In a story filled with blindness, Jesus makes it clear who’s truly the blindest of all. “I came into this world for judgment so that those who do not see may see, and those who do see may become blind.” The Pharisees suspect he’s talking about them, although they can’t imagine why. And therein lies their blindness.

A man who was born blind can see. You’d think that would be cause for celebration, wouldn’t you? But that’s not at all the way it went down. Instead, this miracle became a source of anger, scorn, and hatred. And why?
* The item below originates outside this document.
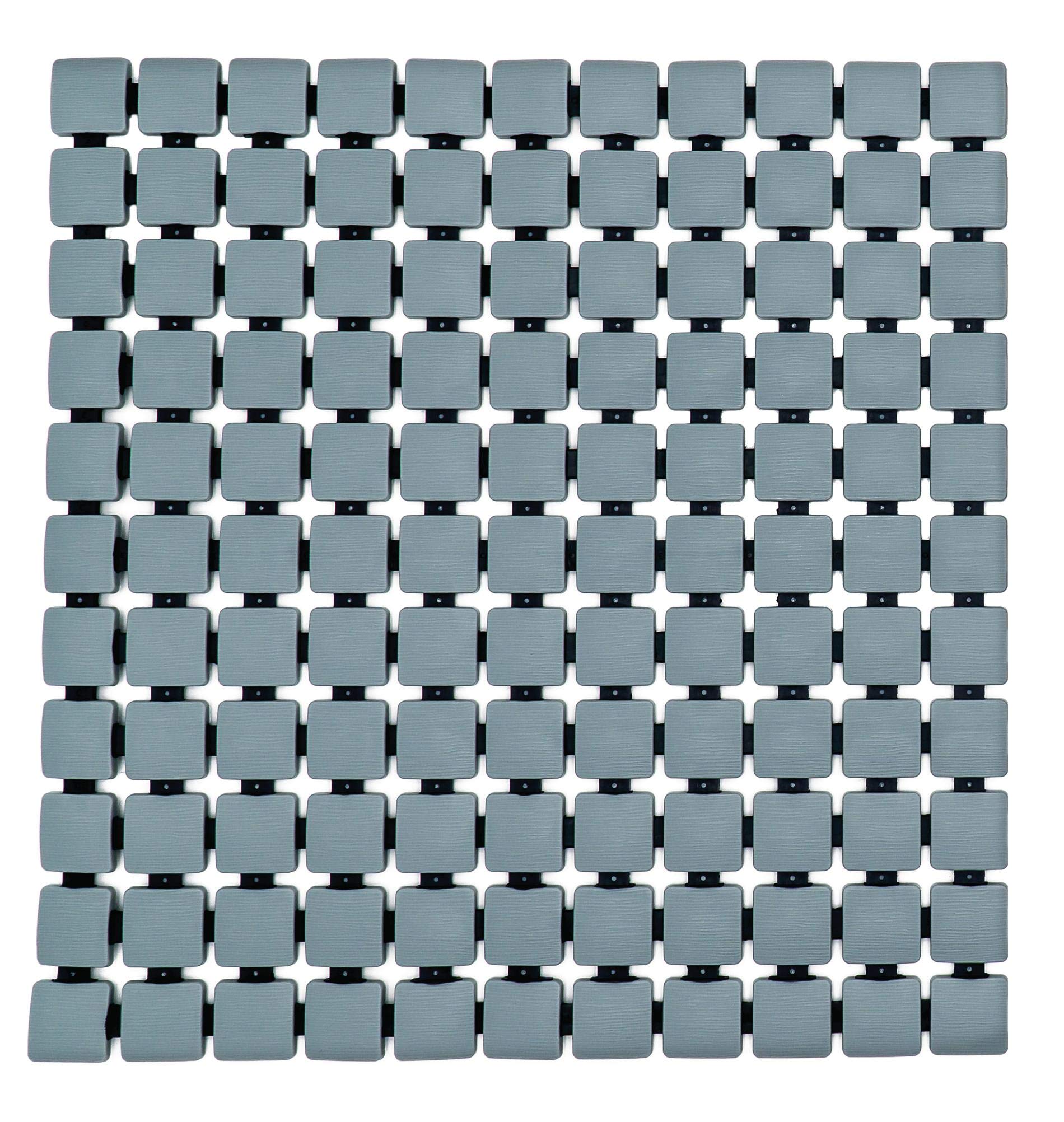 ridder-duscheinlage-nevis-schwarz-54-x-54-cm-pvc-freie-duschmatte image 6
Well, basically because they couldn’t believe this miracle had anything to do with God. And why didn’t they believe it had anything to do with God? Because they had a clear idea of how God worked, and this wasn’t it. God’s miracles were limited to certain times. And the Sabbath wasn’t one of them. They were limited to certain people. And a rabbi who breaks the law of Moses wasn’t one of them.
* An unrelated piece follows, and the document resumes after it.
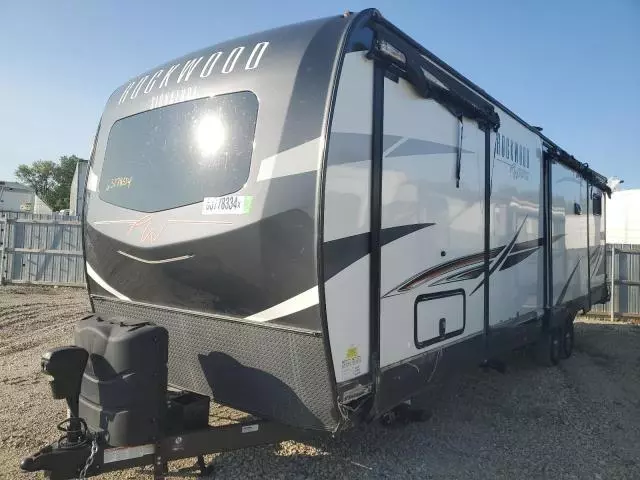 2021 Rockwood Trailer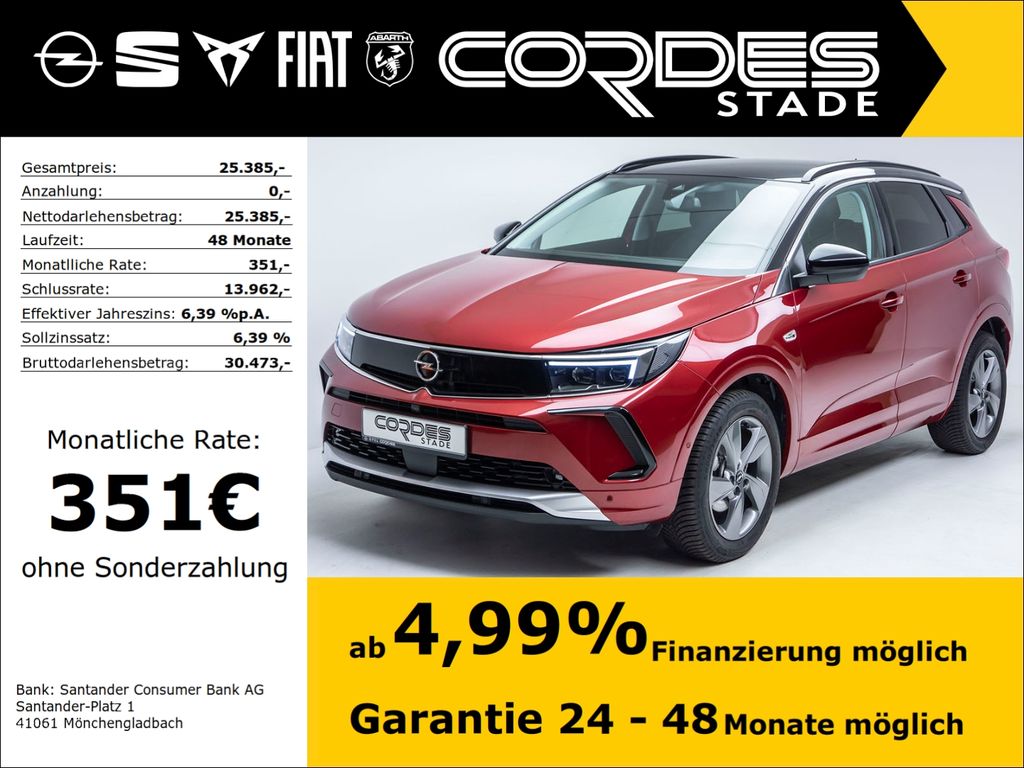 Opel Grandland (X) 2023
This miracle didn’t fit within the narrow frame they had drawn around the works of God, so it didn’t happen. It was a hoax. It was illegitimate. It wasn’t to be given any credence whatsoever.

The thing is, God’s work isn’t limited to the narrow frames we expect it to fit into. To the things that we can understand. Or people we feel comfortable with. Or the times and places that make sense to us.

Are we open to the possibility that God may not always fit our understanding of who God is? Do we keep God in that tiny little frame we use to contain God, or are we open to expanding our view?

Is it possible God could be visible among people who disagree with us on some pretty fundamental principles? Is it possible that people who don’t look like us, aren’t educated like us, don’t speak our language, may have a closer relationship with God than we do? Is it possible that people who don’t even believe in God at all are able to do God’s work in the world? When God does the unexpected in unexpected times, with unlikely people, in strange places… can we see it?

In these days when our eyes are darting from one thing to another, as we wait for the latest news to fill us in, when everything seems to be changing by the minute, it’s easy for us to become blinded by it all. And we can lose sight of God at work in our midst.

In the health care workers who are serving tirelessly to care for us, at great personal risk to themselves. And the people who continue to work in grocery stores, and pharmacies, and so many places that are necessary for the rest of us. Can you see God at work?

I continue to see God in those who are volunteering in soup kitchens and food pantries, serving those who struggle every day, knowing poverty doesn’t take a break during a pandemic, it just becomes more pronounced.

I see God in the people of Ascension who are watching out for one another through phone calls, and cards, gathering for online support groups. Some are offering prayer on the phone for anyone who calls in, others are gathering food for ACTC, or delivering groceries to the doorsteps of those who have no other way of getting them. Can you see God in them?

Can you see God in the neighbor you realize you’ve never spoken with who waves to you from across the street, knowing that because you are both living through this time, you share a bond?

Can you see God working overtime in these anxious days we’re in? As much as we may feel a little like we’re driving while blind right now, there’s so much of God all around us. I pray that we can open our eyes and see it. I pray that we ourselves can become God made visible for others to see.